Dal passato o dal futuro remoto, una lezione di vita: Milano-castello Sforzesco-dicembre 2009.
Tre unghie di luce le piovono addosso. Le minitorce illuminano il suo corpo pingue, alieno, dai fianchi enormi; le mammelle sembrano bisacce.

Sono andato a vederla quella mostra, e sono rimasto a bocca aperta. Te ci sei andato? È la Venere paleolitica di Dolni Vestonice.
Ha ventisettemila anni e sembra che arrivi dal futuro. Due tagli obliqui rappresentano gli occhi, nessun altro segno sul volto. La Venere non è sola, è in compagnia di altre sorelle che hanno ventitremila anni di meno. Le statuine di terracotta provengono dalla Moravia, insieme a ciottoli antropomorfi, vasellame di stupefacente finezza. Le compagne della sala accanto hanno pose e espressioni di incredibile modernità, dee madri, o sacerdotesse, simboli rappresentanti il legame col sacro, col divino, con l’ultrauomo, lanciano unala loro sfida dalla profondità del tempo. La suggestione è tale da suggerire la loro provenienza da un futuro remoto. Non dal passato. Ma, in fondo che differenza fa? Trentamila anni sono un attimo, un breve segmento che ci collega col passato futuro. Alcune tendono le mani nella posa di chi offre, sedute o in piedi, hanno seni minuscoli, ginocchia aguzze, l’espressione stupita, probabilmente utilizzate per riti sacri o propiziatori. Dee madri, divinità delle acque, dei boschi, delle pietre, della pioggia, simboli di uno spirito immanente in cui si ripetevano necessariamente il rito, la cerimonia propiziatoria per la fertilità dell’uomo e della terra, l’invocazione per il buon raccolto e per la fortuna durante la caccia al mammut. C’è un elemento che colpisce in tutti questi ritrovamenti.

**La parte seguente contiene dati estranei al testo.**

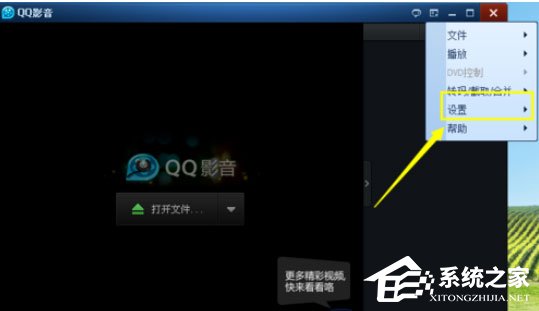 QQ影音自定義皮膚怎么弄 自定義皮膚設置方法一覽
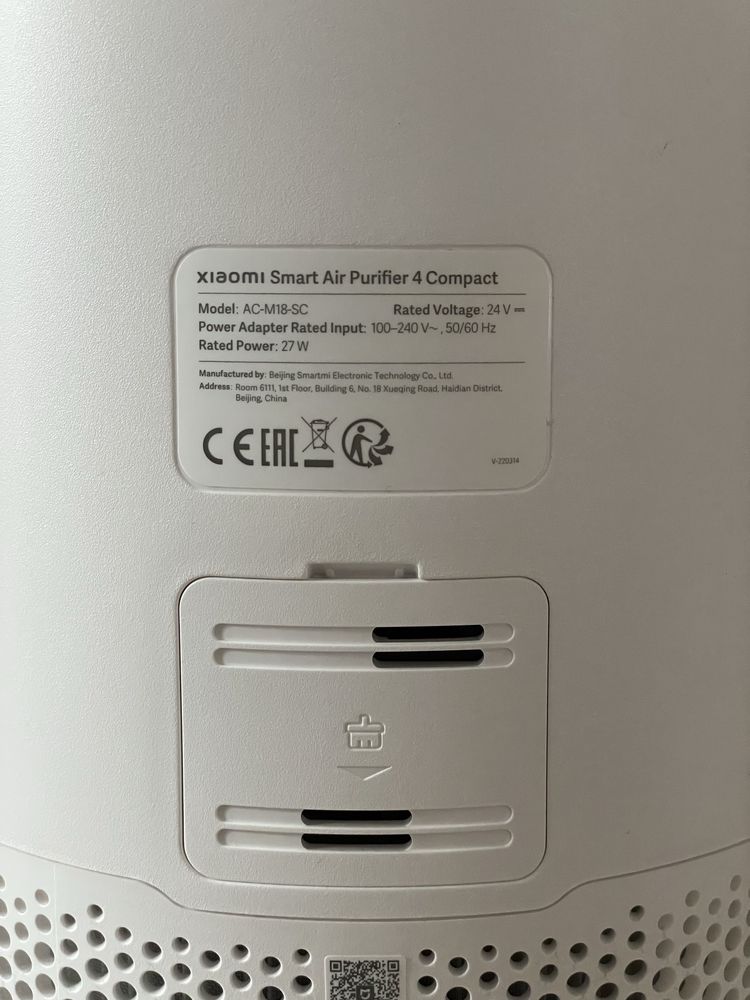 Xiaomi Smart Air Purifier 4 Compact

Le armi sono completamente assenti. Perché al di là dell’aspetto “puramente” scientifico sono così importanti questi reperti? Perché narrano di un vivere armonico, pacifico, in accordo con le forze della natura, temute, rispettate e blandite; manifestano la perfetta sintonia e la partecipazione totale dell’uomo di allora in seno alla natura. Natura figlia, madre, spesso matrigna. Nel più ovvio e necessario rispetto. Comunque. Puoi dire dell’oggi la stessa cosa? No, non puoi dirla, vedi un po,’ ma e solo un esempio fra i tanti, cosa succede in Amazzonia e dell’inquinamento mortifero dei mari. L’aspetto saliente nasce proprio dal loro significato e dal messaggio che l’uomo moderno può, se vuole, scorgervi e cogliere osservando queste statuine. Non c’è ombra di armi di offesa, né tracce di riti cruenti nei reperti raccolti in piu siti. Quelle civiltà perdute vivevano pacificamente, in armonia e hanno qualcosa di fondamentale da insegnarci. A cominciare dal rispetto dell’ambiente. Te non pensi la stessa cosa?